A composição explicita a energia dos agenciamentos; também, a invenção ganha alento com o que o artista chama “inspiração”, à qual atribui uma figuração estendida do grau zero dos Elementos da Natureza, pintura decerto abstrata, cujas figuras são, já no título, os átomos, invisíveis que se manifestam pictoricamente, à dos Consagrados, que expõem os devotados ao próximo, não aos santos de roca hagiográfica: recusando o rol da tipologia convencional, o artista troca tais patronos de onomástica por benfeitores, operem eles, ou não, em Flos sanctorum ou Legenda aurea.
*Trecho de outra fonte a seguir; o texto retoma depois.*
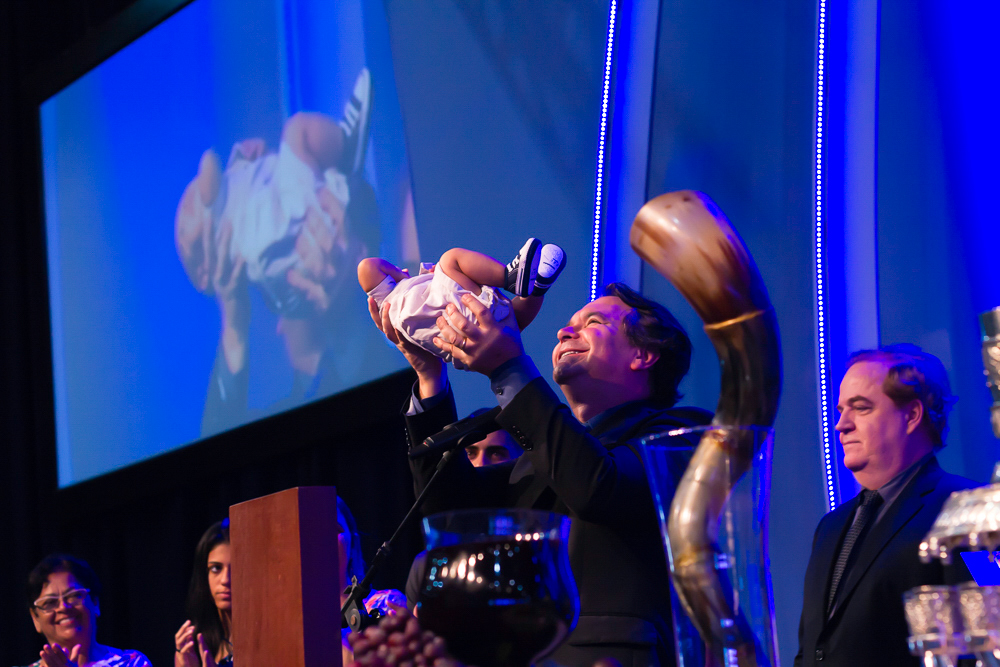 Pastor Simonton levanta a Criança e declara que É de Deus na Igreja Missão Praia da Costa pelo fotógrafo Douglas Maia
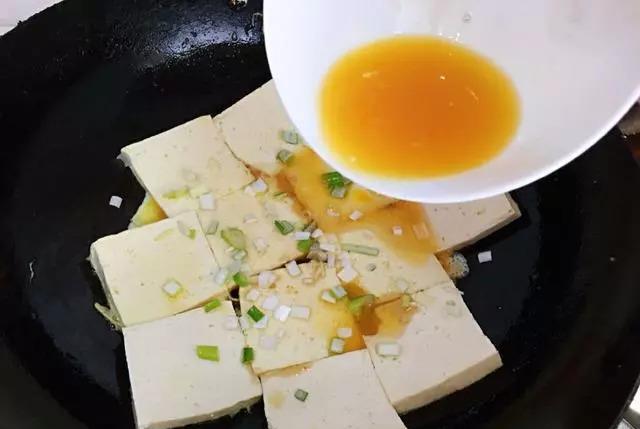 怎么样煎豆腐可以把豆腐煎得嫩 b3747018067a4b9f8e649a89c273734a.jpeg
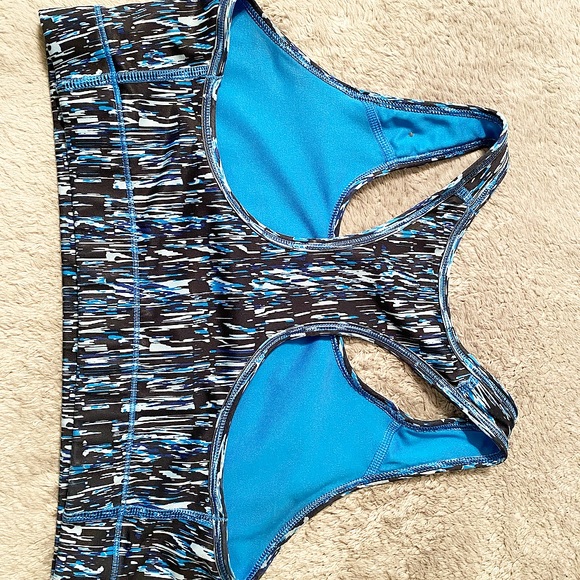 Nike sports bra - Picture 3 of 3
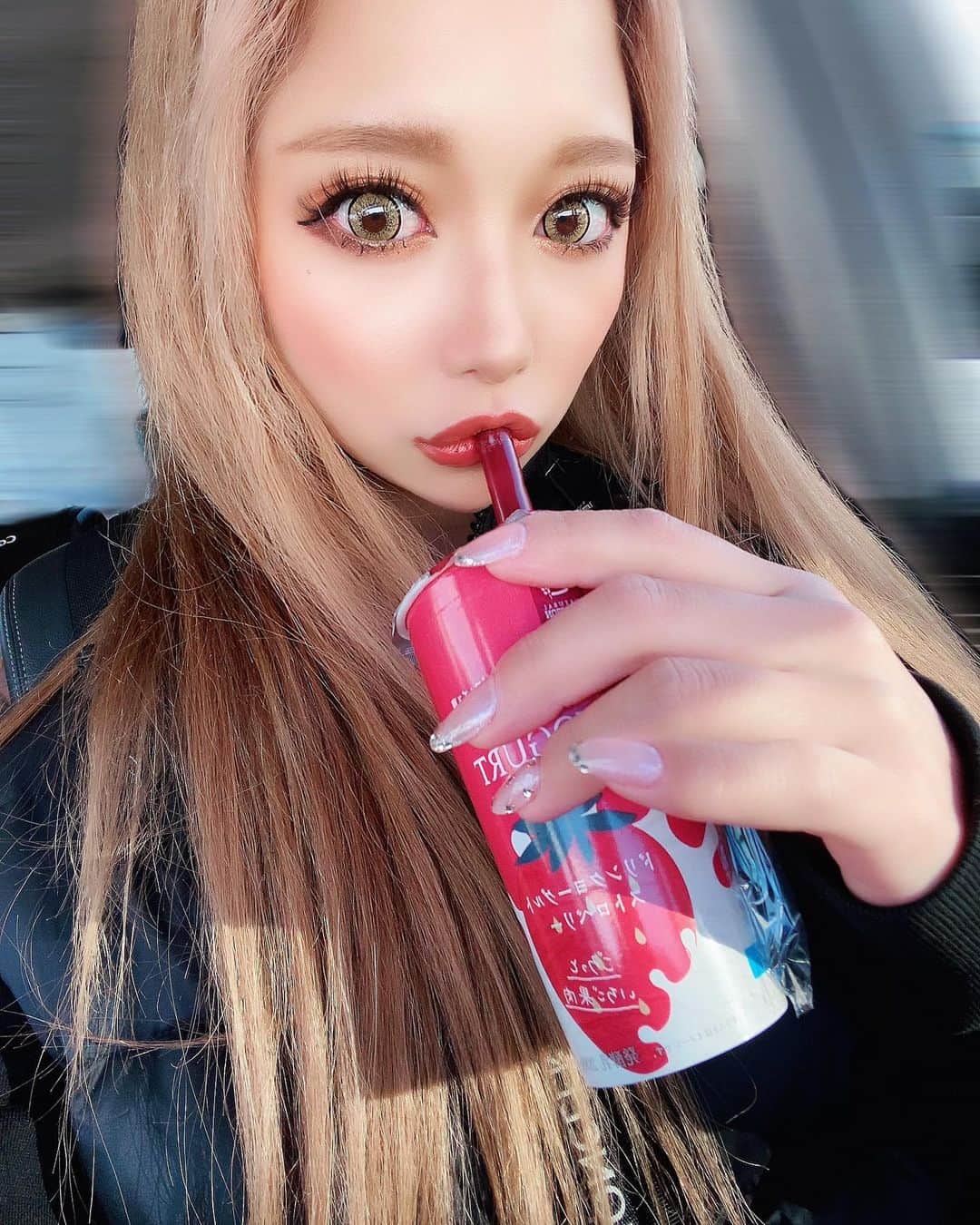 のインスタグラム：「. １年以上ぶりに @tokyodoor 行って マツエクとネイルの同時施術を してもらったよーっ👀💅 . 時短になるから同時施術 ありがたすぎる🥺💕 ネイルはまた別投稿します！ . マツエクは800本 付けてもらってバサバサ♡ 自睫毛が伸びててびっくり🤣 もっと生えそろったら マツパにしてみよーかな🌟 . 今回もありがとうございました✨ 同時施術が出来るから 時短で済ませたい方 是非行ってみてください‼️ . . #マツエク#ネイル#同時施術#👀💅」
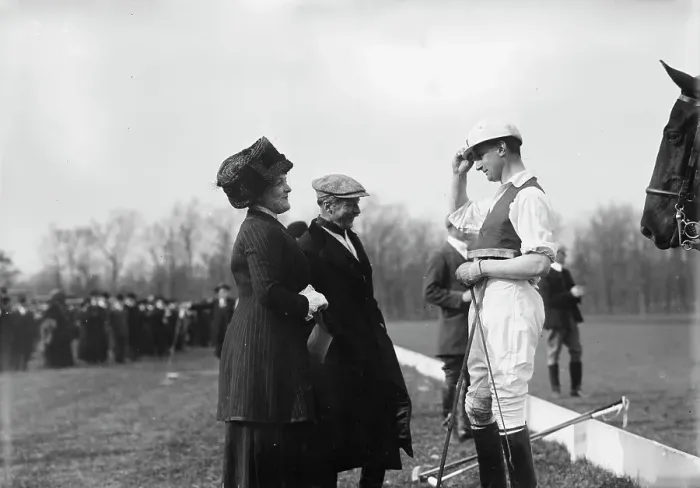 Framed Print : Mrs. Geo. Gould & Buckmaster on polo field, 1911. Creator: Bain News Service Framed Print : Mrs. Geo. Gould & Buckmaster on polo field, 1911. Creator: Bain News Service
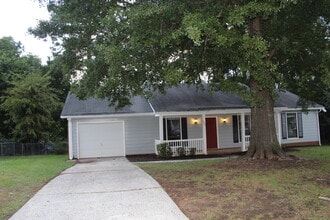 Building Photo - 446 Pheasant Run Dr
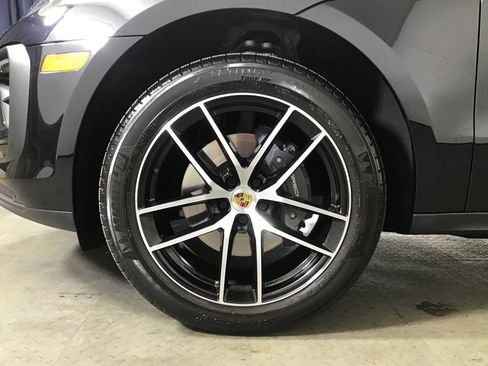 Certified 2026 Porsche Macan AWD/4WD image 11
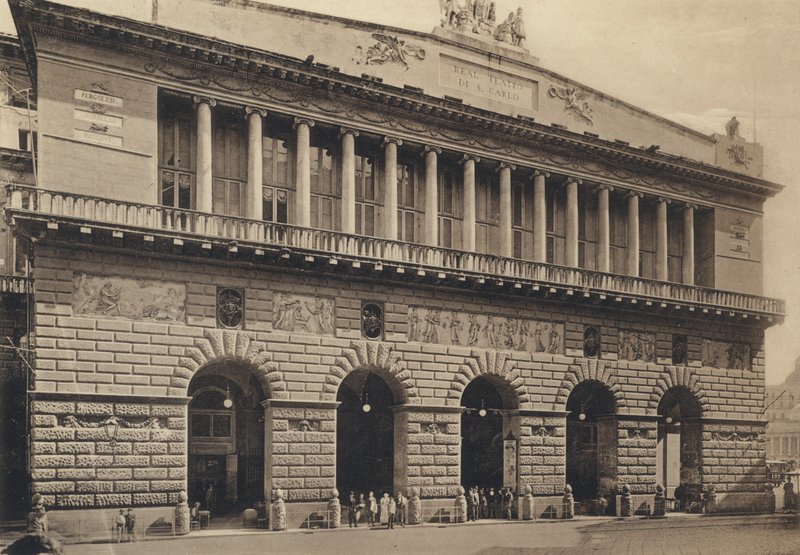 نابولي: S Carlo Theatre Facade (b / w photo) بواسطة مصور إيطالي
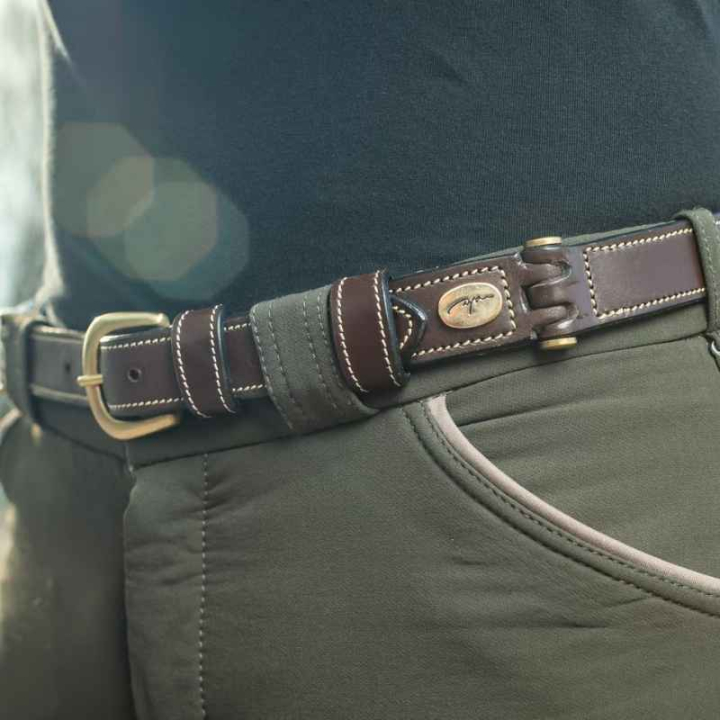 Skärp Flat Leather Brun i gruppen Ridkläder / Accessoarer / Skärp hos Horseonline AB (RI19ABR10BR_r)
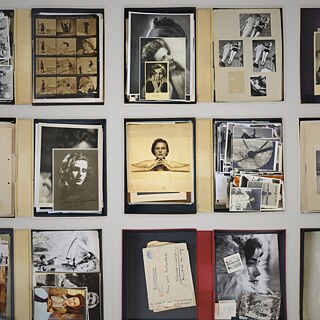 Szene aus dem Film „Riefenstahl“. Mehrere Fotos von Riefenstahl sind nebeneinander angeordnet und gut sichtbar.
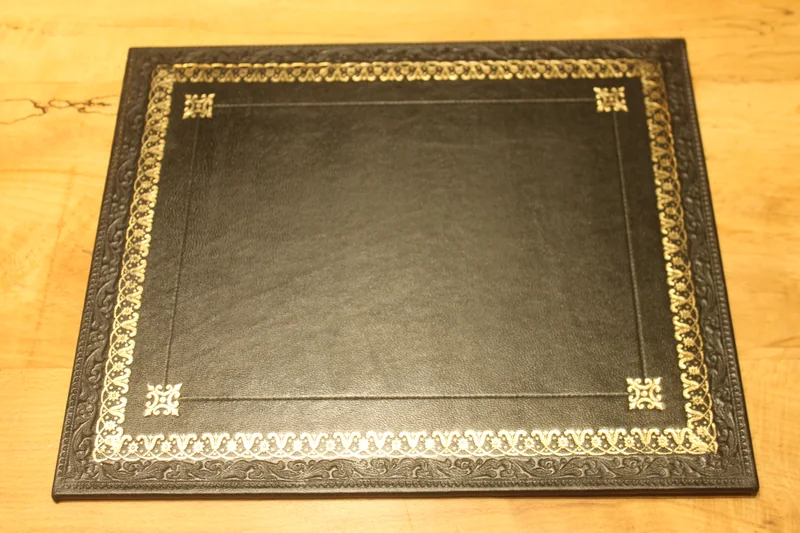 Desk pad 05 — Looped border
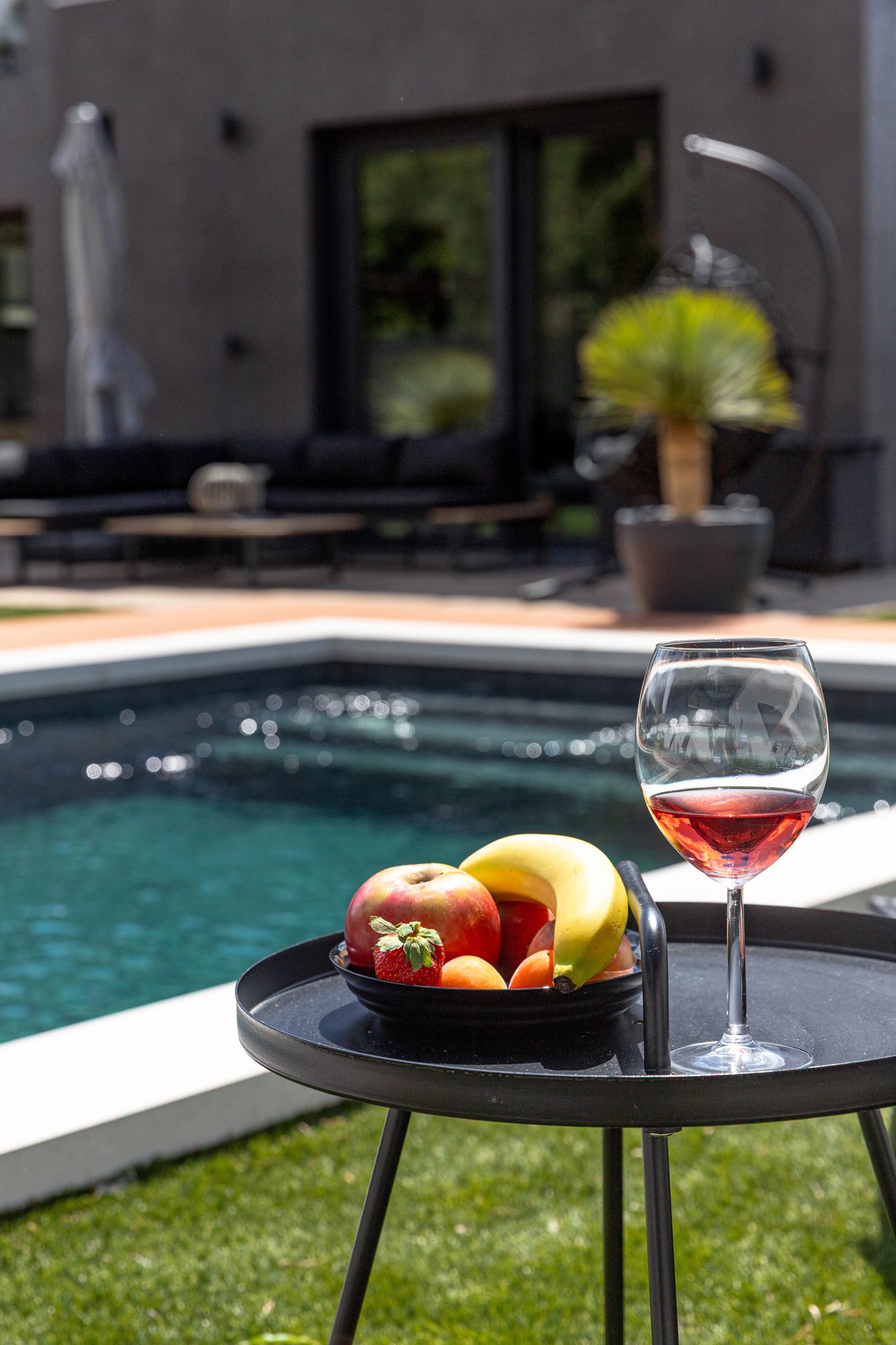 Pool villa rental Balatonalmádi - Villa Porta Verde I private pool area with outdoor furniture and fruit bowl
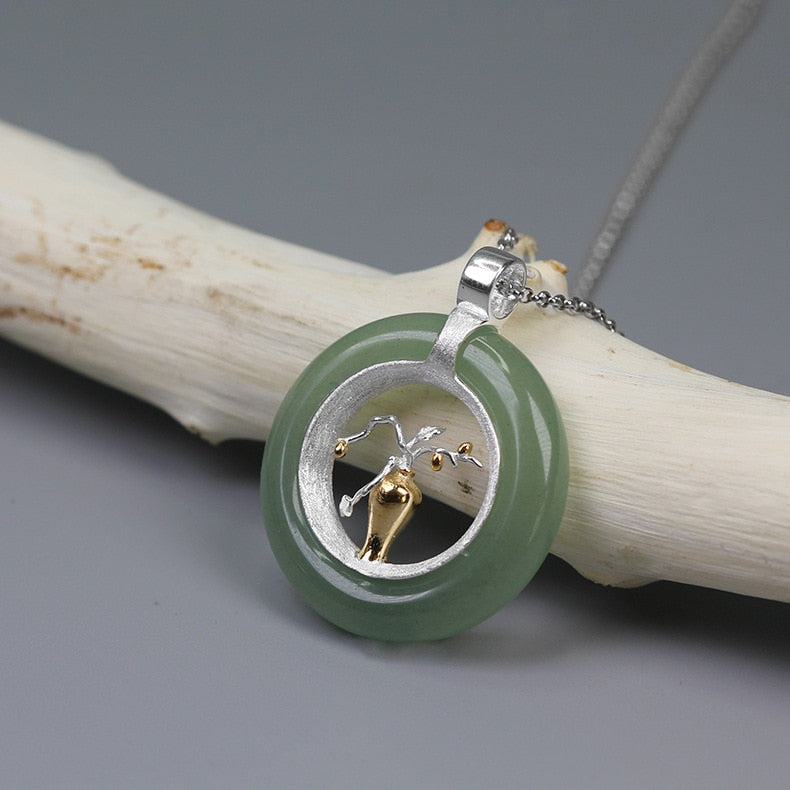 INATURE Sterling Silver Green Aventurine Vintage Vase Flower Pendant Necklace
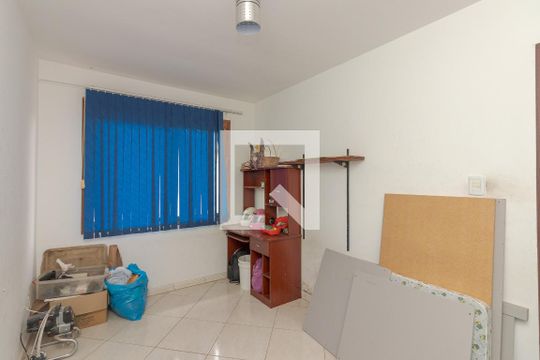 Quarto de apartamento para alugar com 2 quartos, 52m² em Rubem Berta, Porto Alegre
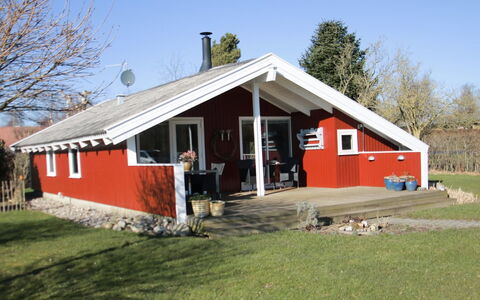 Akari - 400M from the Sea: Haus, Zuhause, Dach, Wohngebiet, Hütte, Estate, Bauernhaus, Rasen, Landscaping, Abstellgleis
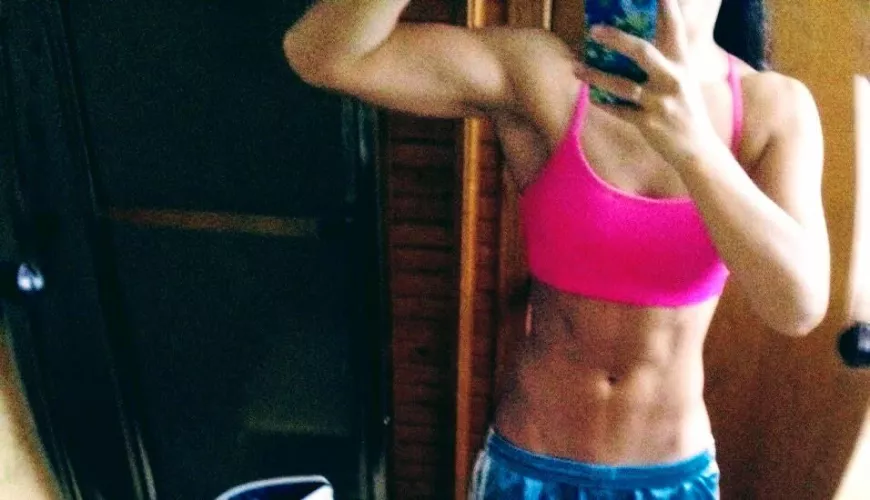 Getting pretty ripped 🔪 (f)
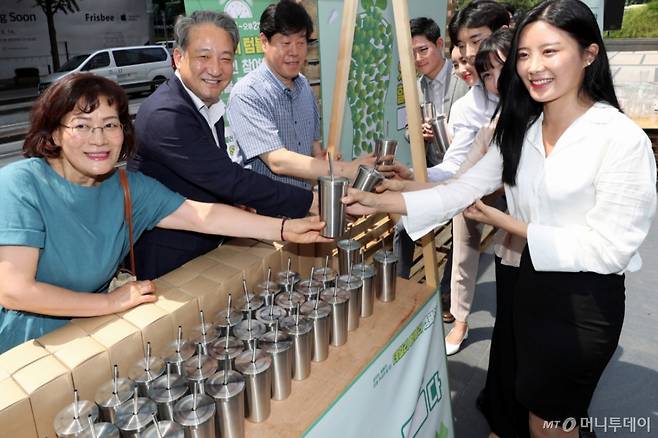기사와 직접적 관련 없는 참고 사진. 2019년 8월 환경부 관계자들이 서울 중구 청계광장에서 '데일리 텀블러 캠페인' 행사를 열고 시민에게 텀블러를 나눠주는 모습. /사진=머니투데이DB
A inspiração inventa figuração que se desvia das convenções iconográficas, explicitando a superação, pelo pintor, de tudo quanto confronte o seu arbítrio; nem indiferente, nem arrogante, este é consequente com as escolhas feitas à luz da Providência, que lhe sustém a leveza mundanal frente ao rigor do rito. Por isso, as “Santas Ceias” da série Consagrados podem intercambiar as pessoas da Bíblia e da vida, modificando-lhes até o número, no que diversamente alheiam o modelo, como se vê em “Jesus com as Marias”, “Santa Ceia dos Excluídos” ou “Santa Ceia dos Reis”.

Na invenção inspirada, anulam-se os lugares regulamentados do achamento; imprescrita, essa invenção não afronta, contudo, a religiosidade pois religa os homens e Deus sem o aperto da regra, a qual tampouco pode ordenar a própria pintura, preparada em Luiz Bhittencourt pela oração e a música sacra. Ora pontual, ora intervalar, a inspiração tem por desiguais os tempos das séries, flutuantes como a música e a prece que as trazem à luz: é sua a pintura que separa as mesclas, como a do bem e do mal, alegórica na série Anjos, já combatentes, antes da Bíblia, no Avesta zoroastriano.

A dimensão elocucional da pintura rebate-se na ação do pintor. A execução preste das séries recentes, conquanto indiciada na anterior a 2010, evidencia, na concentração dos gestos breves, o impedimento de hierarquização da figura sobre o fundo, que, homogeneizando as massas, evita a cenarização da pintura; mas, ainda que não encene a narração bíblica, Luiz Bhittencourt não busca reduzi-la ao símbolo. Não representando historicamente, a pintura, por se afastar também da direção simbólico-abstrata, é presentificadora, pois suas figuras e atos não seguem, com as trocas entre a Bíblia e a vida, sulcos batidos.

Sumária, a pintura descarta, a um tempo, a representação e a simbolização: lançando-se, com isso, no sentido, louvar o sagrado porquanto mostra eficaz a busca espiritual e a ajuda ao próximo. Essa pragmática, inquiridora na figuração e no título, cultiva o imprevisto, já na mistura dos actantes bíblicos e dos agentes vivos, dimensão que reordena as noções correntes da pintura, como a de invenção, tornada ao mesmo tempo achamento com lugares e encontro com o imprescrito da fantasia. Exemplificam-no as recentes “Inquisição” e “Séculos de Sangue Por Deus ou Pela Igreja?” da série Consagrados.

Por não se aferrar à iconografia estabelecida, o pintor aparta a memória da invenção, ambas ligadas a lugares. Com isso, a história pode flutuar além da literalidade do ensinamento, com o qual São Gregório Magno defende a imagem, nele, “Bíblia dos iletrados”; é a fantasia que opera quando reúne o diverso longe da encenação prescrita. Não cai, porém, sob os golpes dos iconoclastas de Constantinopla, atualmente entre os meados dos séculos VIII e IX, que opõem à imagem o símbolo sem figura ou ação, uma cruz, ou como o ácido São Bernardo de Claraval que a expulsa do templo para que o fiel não se distraia de Deus: Luiz Bhittencourt figura o sagrado como cruzamento do Livro e da vida.

Referindo-se ao conjunto da obra do artista nos seus 15 anos de carreira.